Dia harus berurusan dengan Sat Reskrim Polres Lombok Utara lantaran menilap uang bantuan langsung tunai (BLT). Tidak sampai disana, uang yang diambilnya itu lantas digantinya dengan uang palsu yang dicetak di kantor desa.

Kapolres Lombok Utara, AKBP I Wayan Sudarmanta mengatakan, YJP mencetak uang palsu Rp 9.500.000 dengan nominal pecahan 100.000 sebanyak 95 lembar. Uang palsu itu kemudian diselipkan pada uang Rp 200.000.000 yang baru diambil di Bank NTB Syariah Cabang Tanjung pada Rabu (16/11).

Rencananya uang tersebut sebagian akan dibagikan sebagai bantuan langsung tunai (BLT) kepada masyarakat. Hanya saja pada saat akan dibagikan, perangkat desa lainnya menemukan ada keanehan pada beberapa lembar uang yang akan dibagikan.

Mereka kemudian melakukan pengecekan kembali ke Bank NTB Syariah. Pihak bank lantas memastikan bahwa memang itu uang palsu. Hanya saja itu bukan dari pihak bank. Kejadian itu kemudian dilaporkan ke Polres Lombok Utara.
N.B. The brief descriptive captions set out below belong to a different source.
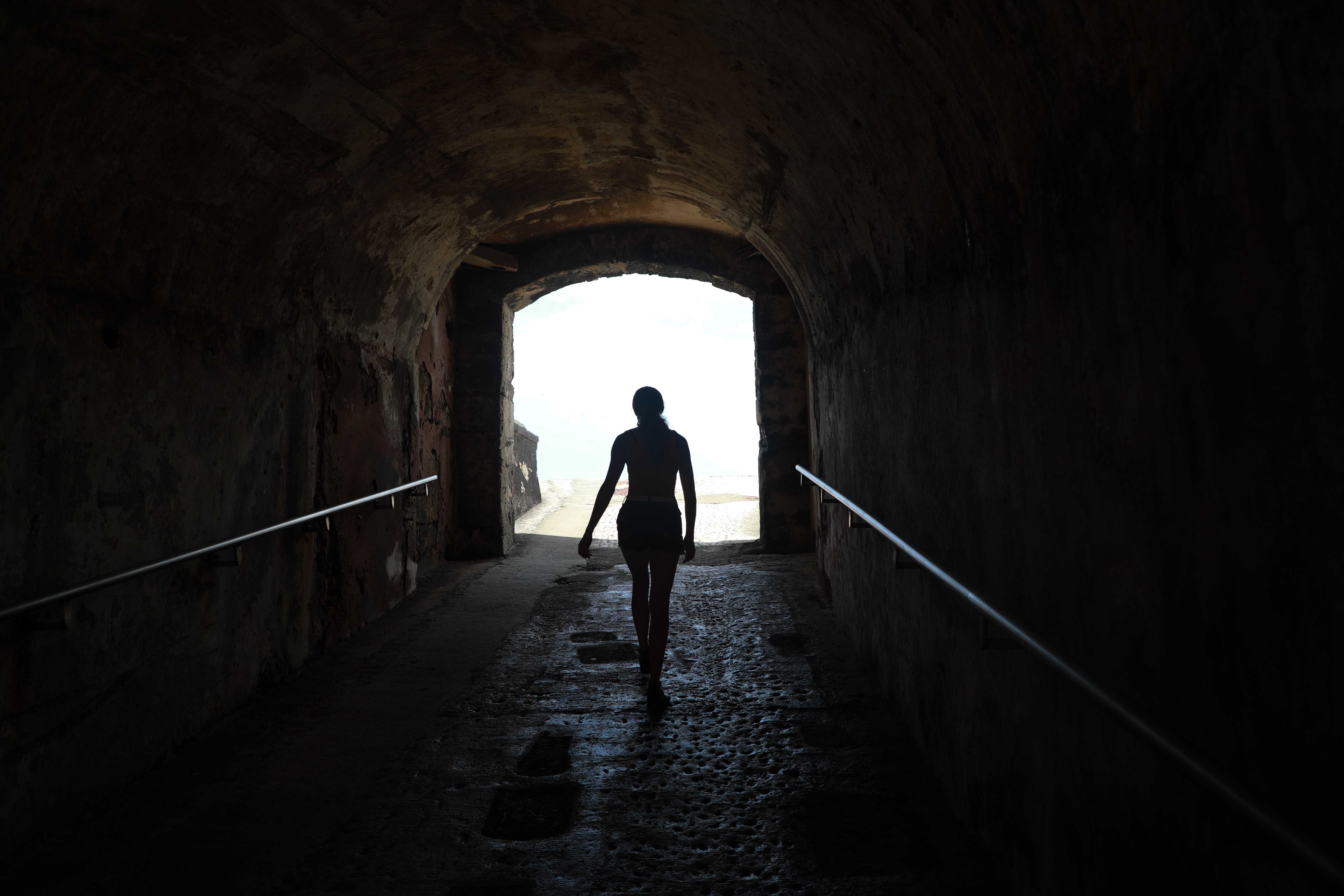 Young woman walking out of dark tunnel on to a beach.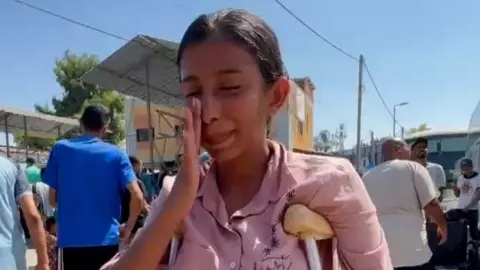 Sara Marzouk wipes away a tear as she waits to join a medical evacuation out of Gaza (30/07/24)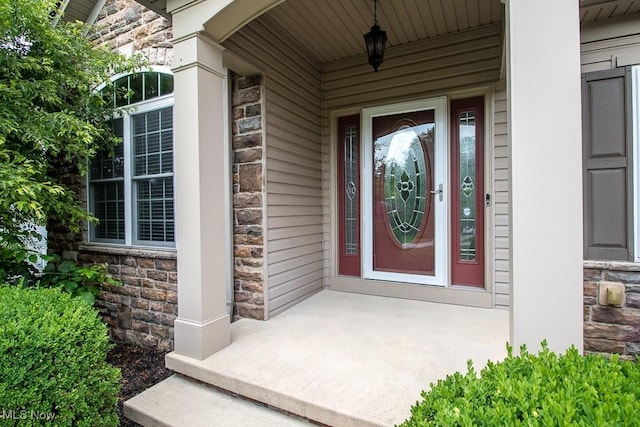 8311 Hemingway Ln, Mentor, OH 44060 - property entrance featuring stone siding and covered porch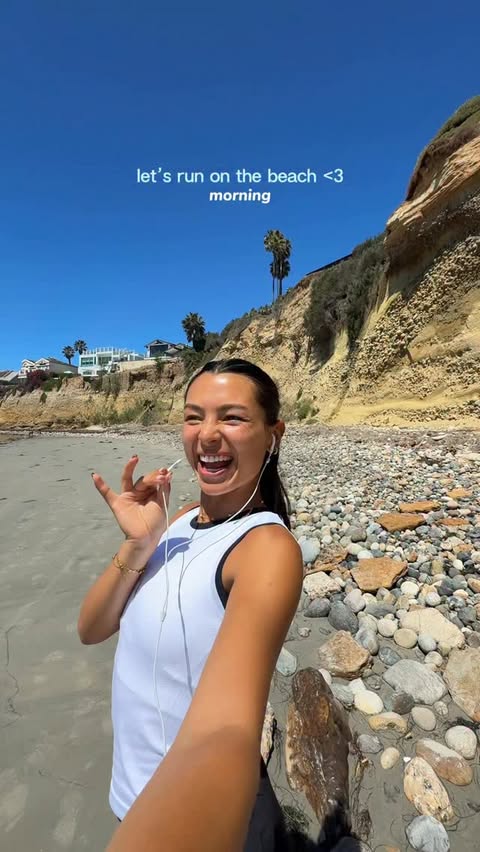 Instagram post by @happywithmeg for Athleta. Caption reads: [...] sunshine & run on the beach🩵 Wearing....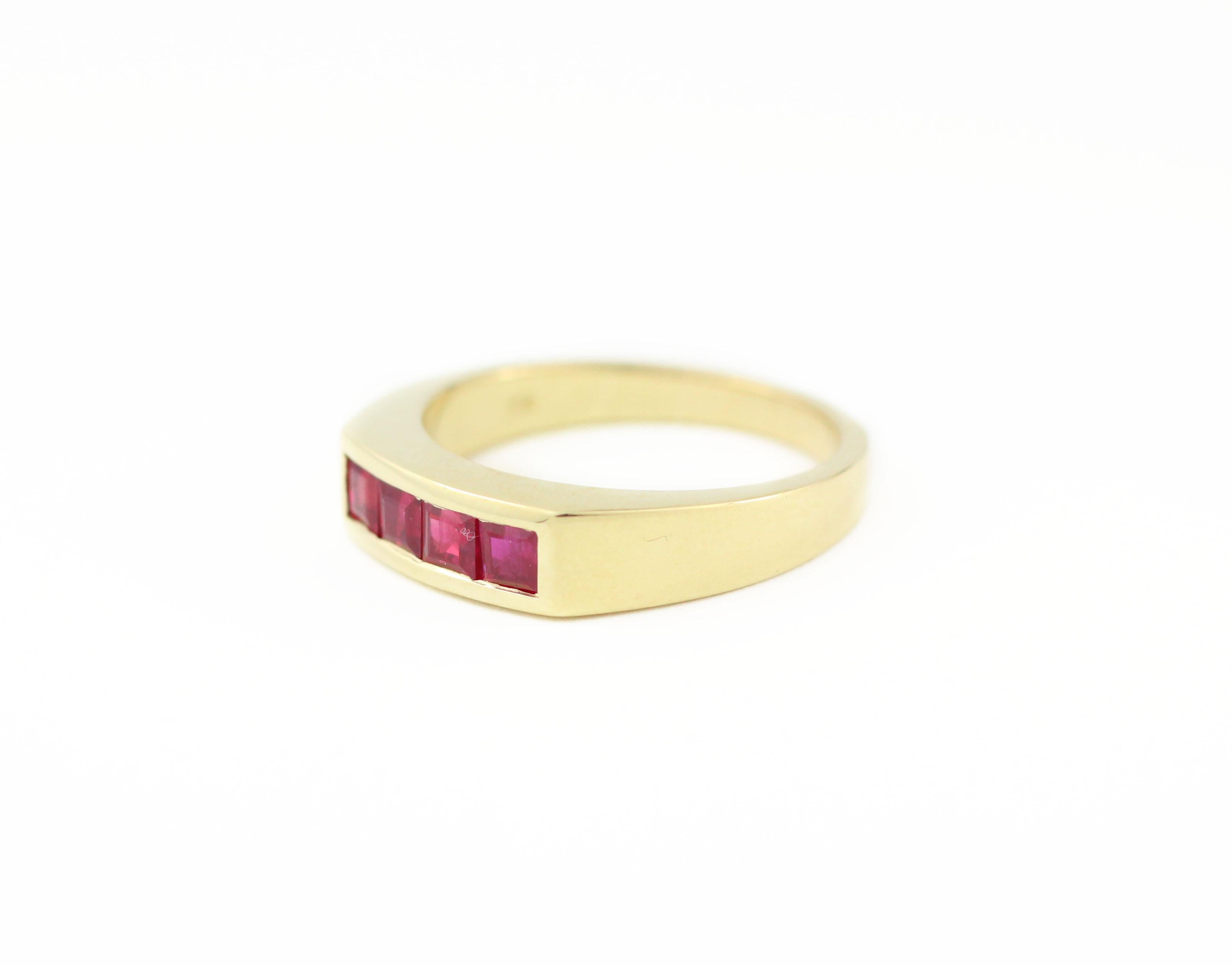 This 18 Kt Gold Ring was made specifically to contain these four fiery, Square Cut Rubies (.97 Cts.).  Perfect for any lover of vibrant rubies or July birthday gift.

In-stock Size 6 1/2 for immediate delivery.

This ring can be sized to fit. 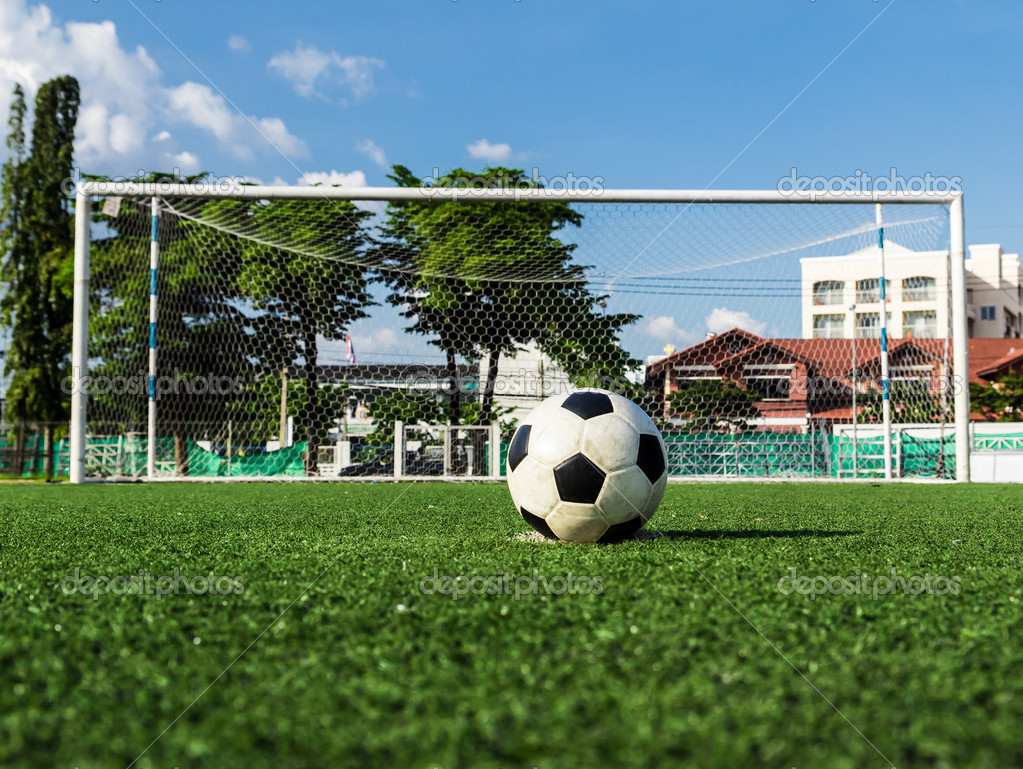 Soccer Ball On Green Grass In Front Of Goal Net Stock Photo Image By C Tungphoto Soccer Ball On Green Grass In Front Of Goal Net Stock Photo Image By C Tungphoto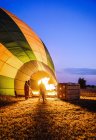 People watching hot air balloon inflating in rural field — Stock Photo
“Berdasarkan laporan tersebut, saya perintahkan anggota untuk turun dan melakukan penyelidikan,” ungkap Sudarmanta, mengutip RadarLombok, Sabtu (31/12/2022).

Setelah diselidiki, ternyata uang palsu tersebut berasal dari pelaku YJP. Polisi kemudian langsung mengamankannya. Uang palsu tersebut diakui dibuat sendiri di Kantor Desa Santong pada Minggu (13/11) sekitar pukul 20.00 WITA menggunakan Printer EPSON L220 dan Kertas HVS Kantor Desa Santong.

Sebelum membuatnya, YJP pada Sabtu (12/11) terlebih dahulu belajar membuat uang palsu dengan cara menonton tutorial di YouTube.

“Pelaku melakukan hal tersebut baru sekali. hal itu karena terjerat utang sebesar Rp 10 juta akibat kalah main judi online,” ungkapnya.

Atas perbuatannya tersebut pelaku pun kini telah ditetapkan tersangka dan ditahan. Ia dijerat Pasal 36 ayat (1) Pasal 26 ayat (1) Undang-undang Republik Indonesia Nomor 7 Tahun 2011 tentang Mata Uang. Dengan ancaman pidana penjara paling lama 10 tahun dan denda paling banyak Rp 10 miliar.

“Saat ini berkas tersangka sudah diproses dan segera akan dikirimkan ke Kejaksaan Negeri Mataram,” tutupnya.